Nina Oyama being charmingly humble
The afternoon was MCed by comedian and actor Nina Oyama. Oyama, who acts in Prime’s dark comedy Deadloch series, began the show with a bit about “full funnel” before charmingly admitting she had no idea what that meant.
Oyama’s vibe fit well with Pang’s positioning of Amazon as “humble and hardworking”, a differentiation that seemed aimed at the other platforms giants. Youtube/Google had occupied the same stage exactly two weeks before.
In terms of announcements, not a great deal of what was discussed was new. Amazon had flagged the Netflix deal – which is global – two weeks before. A new season of Deadloch with Luke Hemsworth, the AFL documentary series made by the creators of Drive To Survive, the sports rights (ICC cricket, NBA basketball), and the fact that the Women’s Cricket World Cup will be free to watch: all these things were prefigured.
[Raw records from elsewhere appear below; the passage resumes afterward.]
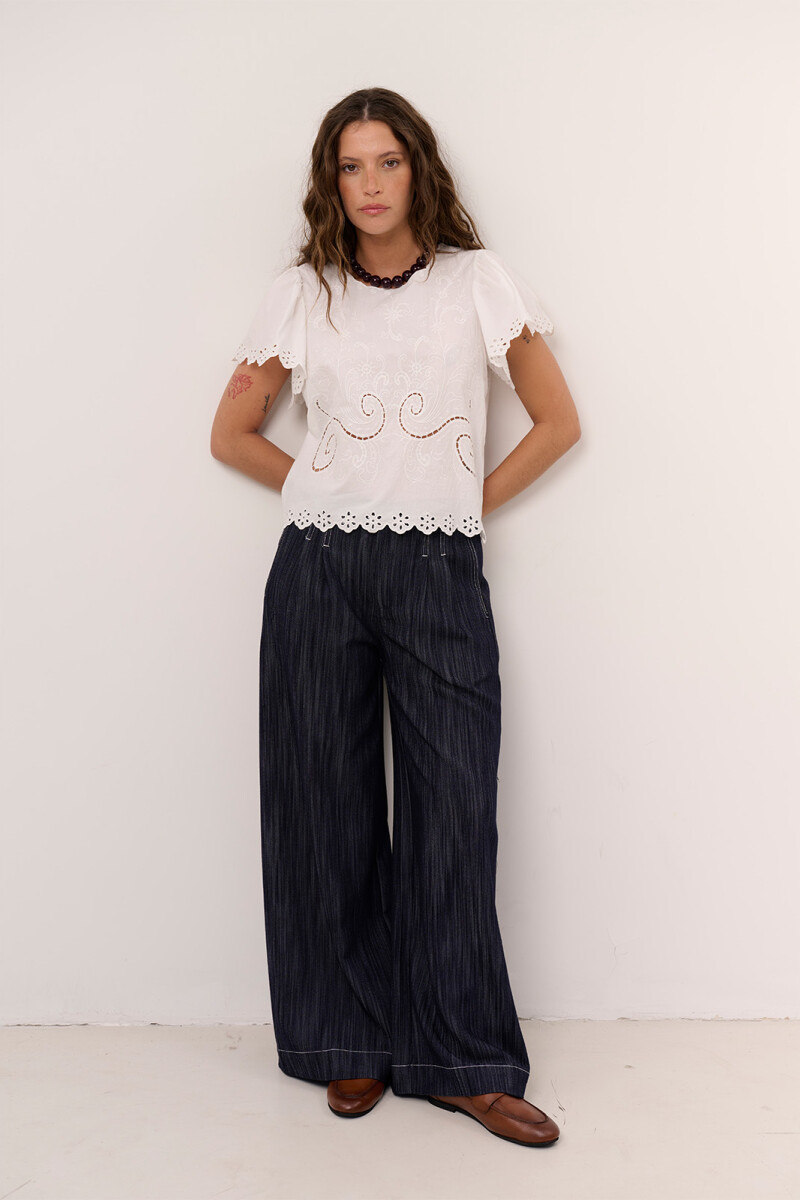 BLUSA ALBA BLANCO
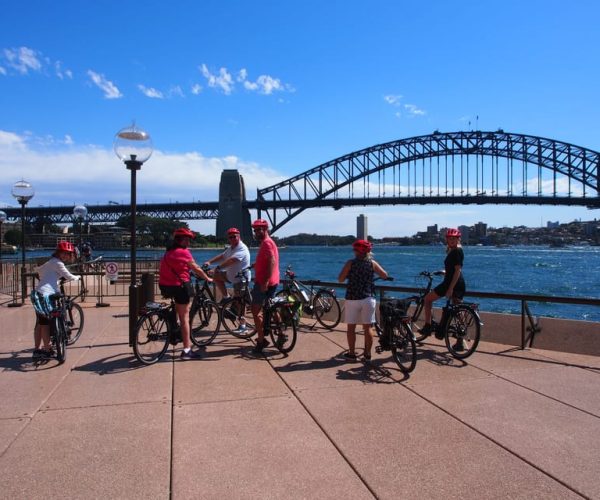 Sydney: Guided Harbour E-Bike Tour – Sydney, Australia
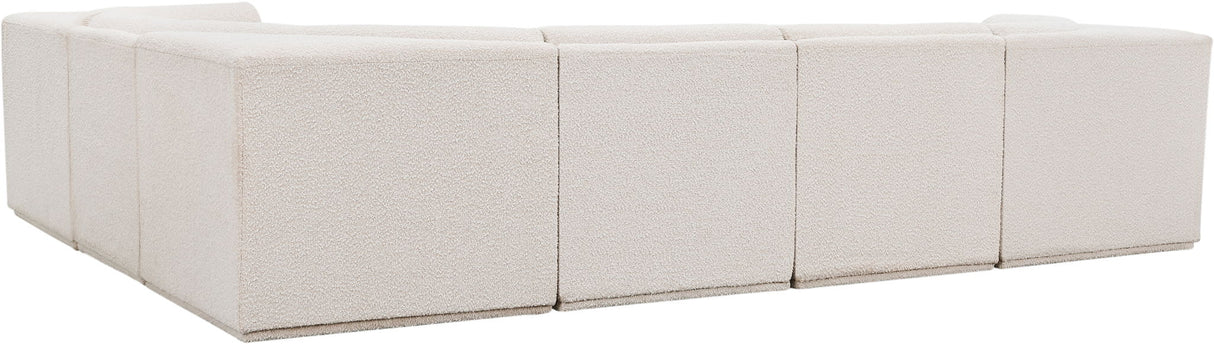 Ollie - 6 Piece Modular Sectional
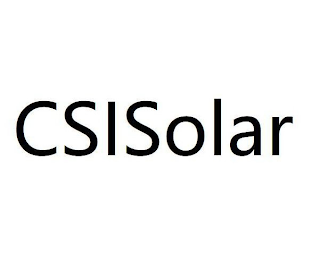 CSISOLAR logo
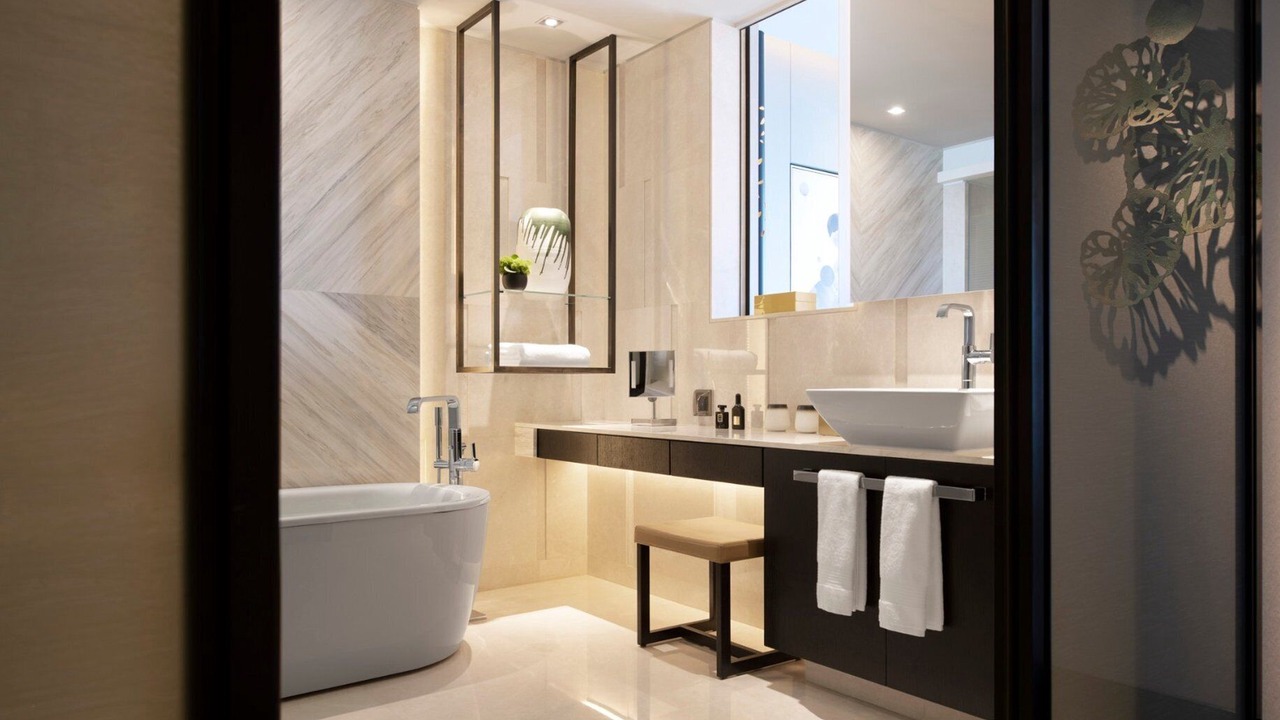 Photo of Bathroom in He Ping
As Tim Burrowes has pointed out in Unmade, it was the fact of the event itself that was the main news event. It is the first Australian event Amazon has styled an “upfront”, and that is significant as a statement of intent.
UM head of media planning Michael Mellington told Mumbrella that as a Melburnian he was excited by the AFL documentary, but the new video tools were more significant.
“I think they definitely landed that they’re a full funnel ecosystem. That was drilled into us pretty hard,” Mellington said.
“In reality there are a few partners that can actually deliver on that. Being able to have that kind of content play, connection to culture and all of those memorable moments through their premier content suite. And then linking that through to commerce is, is quite unique. I think it’s pretty exciting.”

Kate Westgate and Maria Gudino, both from Unilever, explained how Amazon had helped their laundry liquid brand
Mellington had picked up on the “humble” positioning”.
“It was interesting at the start, they said ‘we hope that you see us as a humble brand’. I think the tone was: there was a lot of content and there was a lot of good smarts in there, but they came across really fun … [Nina Oyama] was brilliant.
“I think aggregating the screens is important. Understanding true incremental reach is important.
“The skeptic in me wants to unpack it a little bit as well. Like I want to know how it’s done and where the true incrementality comes from.
“I think that will be important, but — having more to play with is better than less.”